- 34,99 lei
Venice, 1734. Neglecting his vocal practice for dubious pleasures, singer Tito Amato finds himself demoted to secondary roles and overshadowed by a visiting star. When the murder of scene painter Luca Cavalieri threatens to close the opera house, Tito jumps at the chance to regain his worth by finding the killer.
Suspicion falls on members of a Jewish ghetto family that produces masks for the theater. But Tito discovers a mysterious veil that leads him in a different direction. Assisted by Augustus Rumbolt, an Englishman making his Grand Tour, Tito is soon on the trail of Dr. Palantinus, a masked figure who heads a secret society that charges exorbitant fees to partake of its enticing rituals.
But who is behind the mask of Palantinus? Tito's search for the answer pierces the treacherous depths of a city dedicated to masquerade and pleasure, where ancient hatreds thrive, cultures uneasily coexist, and where opera is the stuff of daily life.

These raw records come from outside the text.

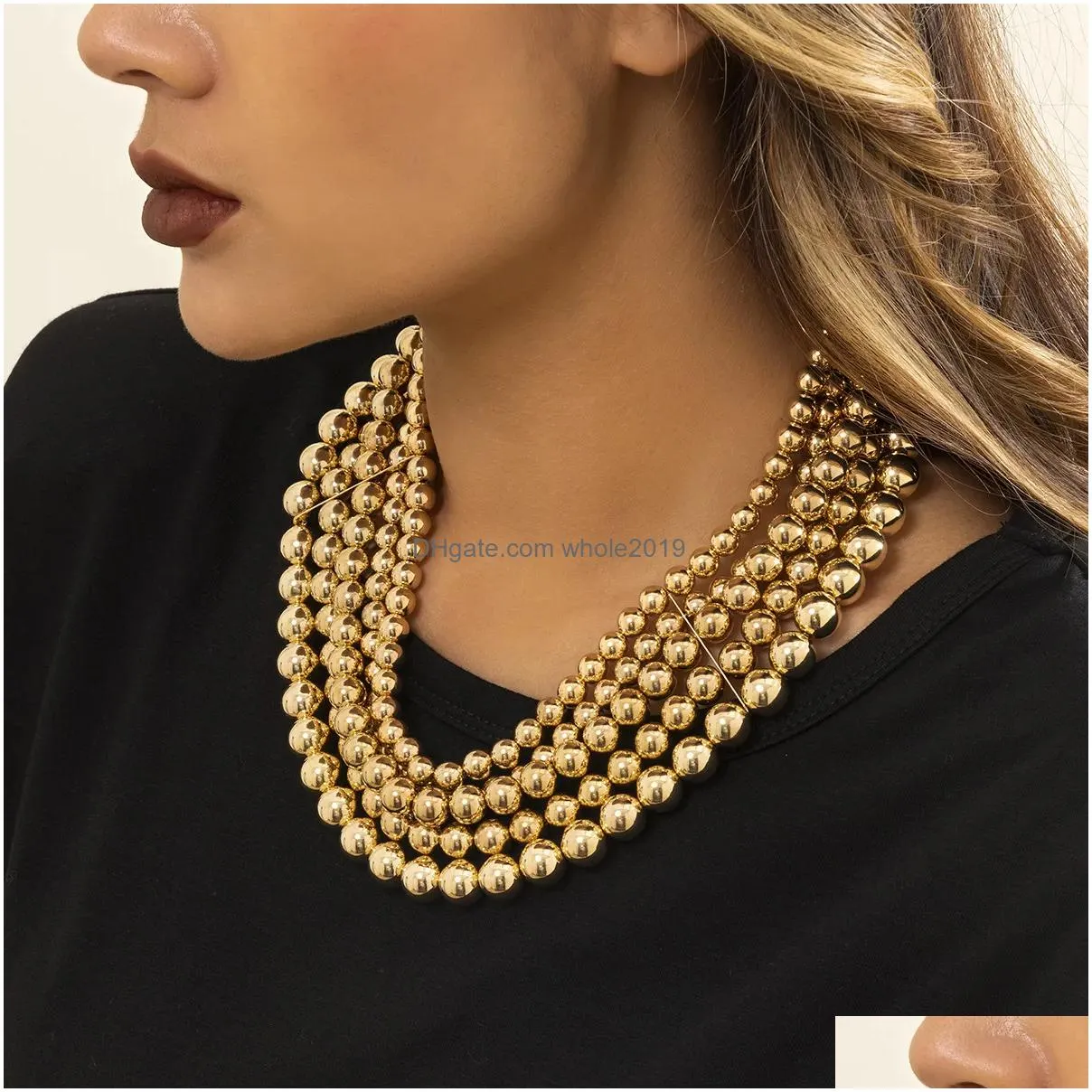 beaded necklaces exaggerated layered beads chain choker necklace for women hiphop big ball fashion jewelry 220929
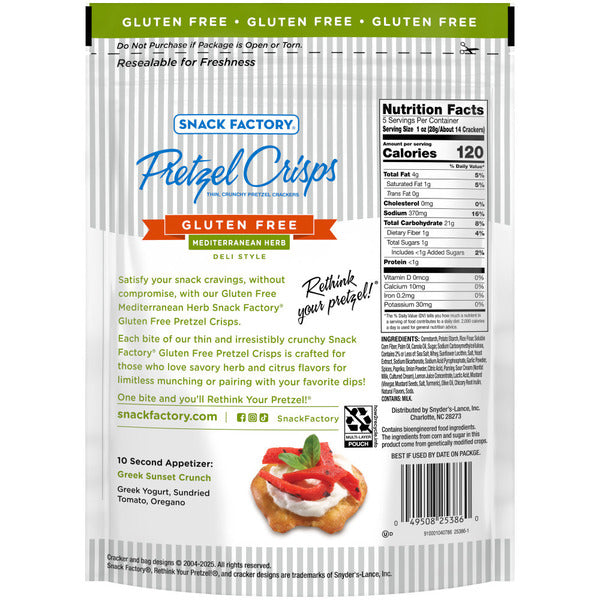 Snack Factory  Gluten Free Mediterranean Herb Pretzels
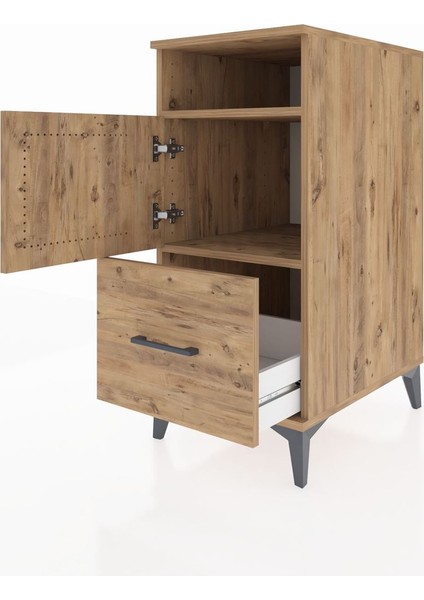 Kronos Komodin 2 Raflı Tek Çekmeceli Tek Kapaklı 44X59X96 Çam-Çam fırsatları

Set in 1730s Venice, Myers's second baroque mystery skillfully guides the reader past the dangers of fame to the nature of music and love, fulfilling the promise of her well-received debut, Interrupted Aria (2004). At the Teatro San Marco, soprano castrato Tito Amato is struggling with his demotion to lesser roles when the strangled body of Luca Cavalieri, a talented if unscrupulous set designer and painter, turns up in a canal. Suspicion points to his lover, Liya Del'Vecchio, a "Jewess" whom Tito falls for on sight. When the opera company director asks Tito to investigate Cavalieri's murder, he's only too glad to comply. Accompanied by Augustus "Gussie" Rumbolt, a younger son of English nobility on the grand tour, he explores the first European ghetto. All foreigners are suspect and restricted in the fading sun of Venetian trading pre-eminence, but only Jews are locked up at night in the old ironworks. When a rabble-rousing, pseudonymous pamphlet accuses Liya's cousin of the murder and poisoning wells, Tito gets mixed up in necromancy and secret societies as well. Myers provides an insightful and tender look at how those who are different castrati, women, Jews were treated at the time, as well as a wonderful view of elegant, decadent, nothing-is-as-it-seems-from-behind-the-masque Venice.